Although Shen, the Ministry of Commerce spokesman, is right to warn against speculation, it’s clear that selective prosecutions, whether pursuant to the Anti-Monopoly Law or otherwise, erode business confidence in China. The offensive against foreign companies has become so notorious that it has become a part of the global discourse. After all, Time asked at the end of last month, “Is no famous foreign brand safe in China?” 

So what is causing FDI to level off and now fall? “With China speeding up economic restructuring, it’s normal for us to have some fluctuations in FDI figures,” said Shen, “but such fluctuations are not evidence for changing trends.” 

He looks wrong on two counts and perhaps on a third. First, China at the moment is not reforming, at least on balance. There have been announcements of reforms but little in the way of actual implementation, and some implemented changes, like the widening of the trading band for the renminbi, have been so minor as to be inconsequential in actual effect. More important, there have been two significant steps backward, the reliance on state stimulus to create growth and, of course, the discriminatory attack on foreign business. 
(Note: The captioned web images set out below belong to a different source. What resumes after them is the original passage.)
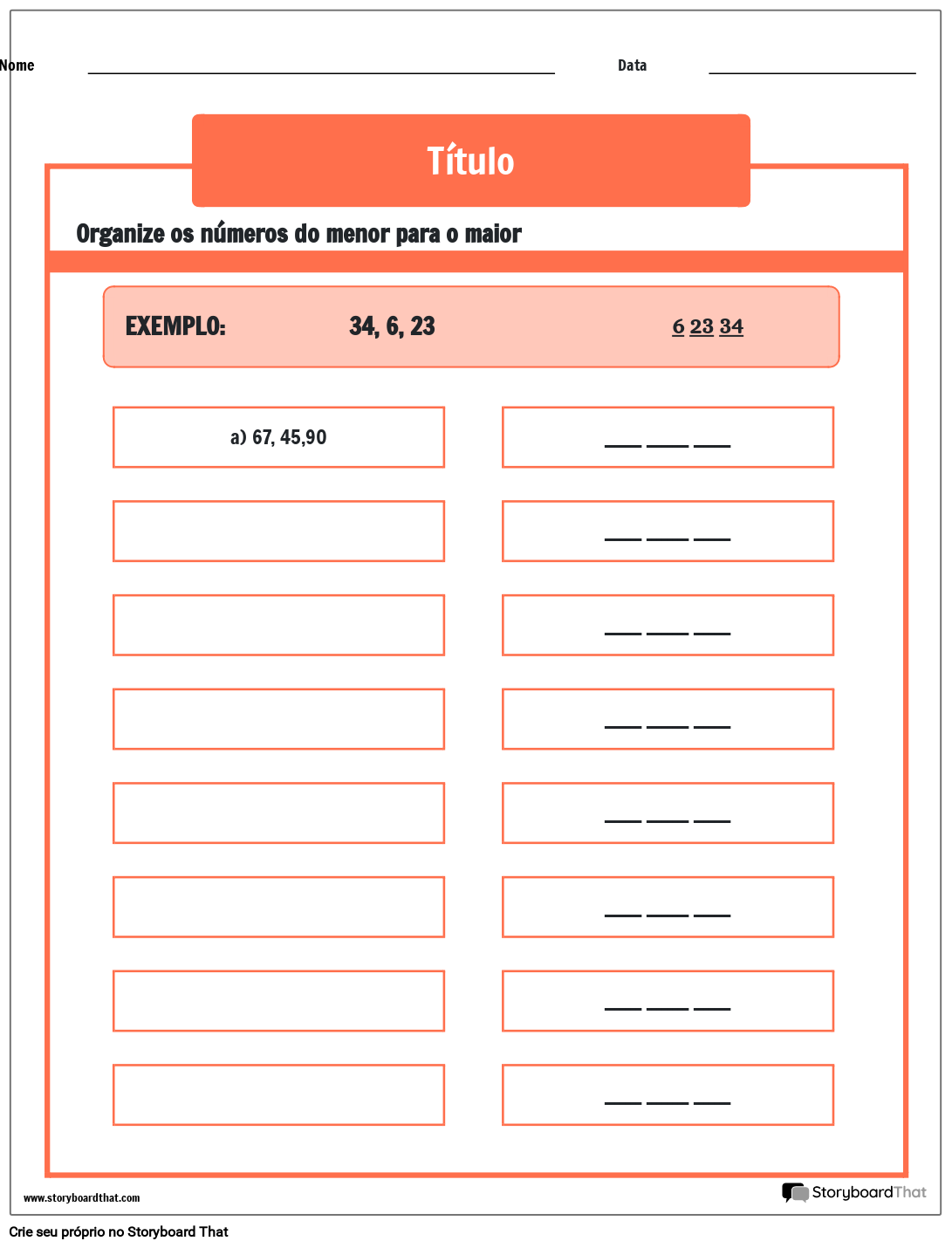 Planilha De N meros De Pedido 1 100 Storyboard planilha-de-n-meros-de-pedido-1-100-storyboard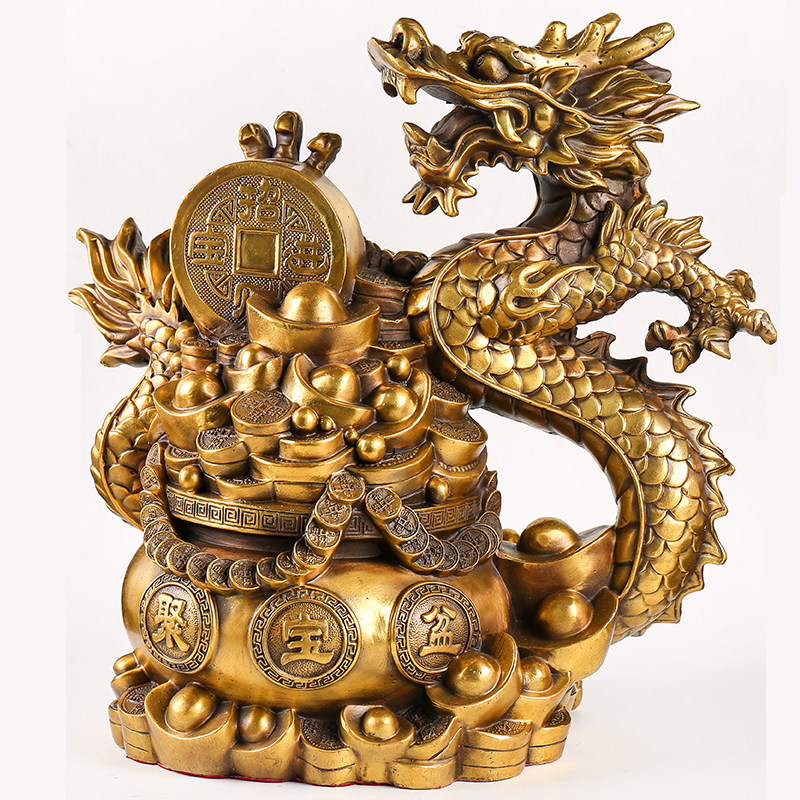 【义拍】孤山寺 招财进宝龙摆件8.19kg 本寺法会加持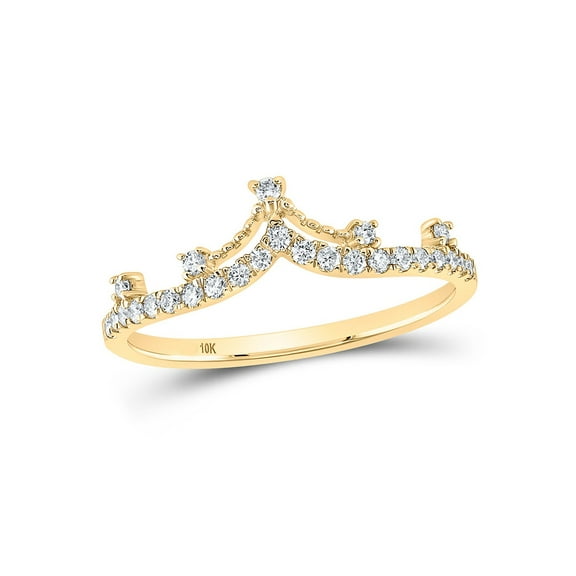 1/5 Carat (Ctw) Diamond Tiara Ring in 10K Yellow Gold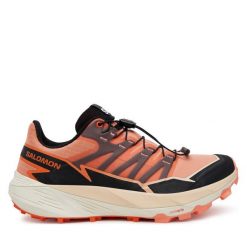 Buty do biegania Salomon. Brązowe obuwie do biegania damskie Salomon. Za 409.99 zł.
Second, even the announcement of reforms has triggered optimism among foreign business, so the prospect of “economic restructuring” would be good for investment, not bad as Shen implies. For instance, foreigners would pour money into China’s services sector if they thought it would be opened further. Need proof? For the first seven months of this year, FDI into service businesses increased 11.4% to $39.7 billion, bucking the overall direction. 

Is Shen right to suggest the recent dip in FDI growth was merely a fluctuation? Since China joined the World Trade Organization at the end of 2001, FDI has grown steadily, hitting a record $117.6 billion in 2013. 
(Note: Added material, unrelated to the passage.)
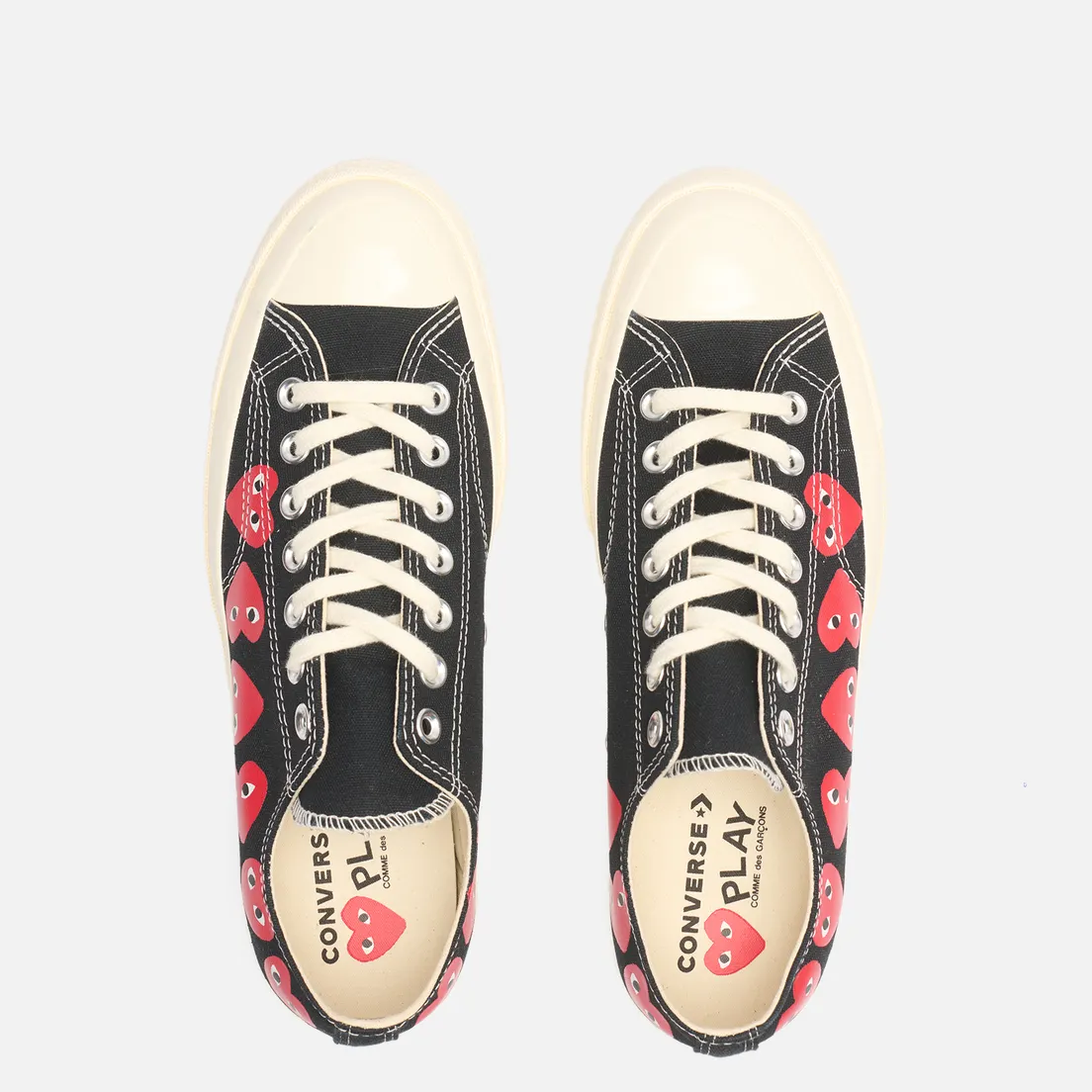 Converse Кеды x Comme des Garcons Play Chuck 70 Multi Heart Low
Yet, in addition to the anti-foreigner sentiment so evident in Beijing these days, there are reasons to believe the long-term upward trend may have already ended. First, the Chinese economy is stumbling, perhaps badly. Independent data points to low single-digit growth, making China less desirable. And the country appears to be heading to a debt crisis of some sort. Properly calculated, the country’s total indebtedness looks like it is about three times gross domestic product. A debt reckoning—a “crisis” in common parlance—will surely scare off foreign investment, as it has in other countries. 

Second, other destinations are gaining popularity. For instance, India now has a business-friendly government. Even the possibility of Narendra Modi’s election convinced foreigners to make a big bet on the subcontinent, and that was before he received a sweeping mandate to restart growth. And then there is what could end up as the most attractive region in the world, Africa, home to six of the planet’s ten fastest-growing economies. In all probability, we will see investment flows redirect from China to other locations. 

Third, Chinese leaders will probably pursue their door-closing policies for some time, especially because state enterprises, which have gained political clout in recent years, will push them in that direction as these firms seek to consolidate their market position.  And as they do that, they are undercutting foreign business and making China less desirable.  

“Xi’s ‘China Dream’ has become ‘China First,’ writes Richard Harris of Port Shelter Investment Management in the South China Morning Post. “But for now the strategy is to keep tilting the playing field in your favor until someone notices.” Judging from the FDI numbers this year, someone is noticing.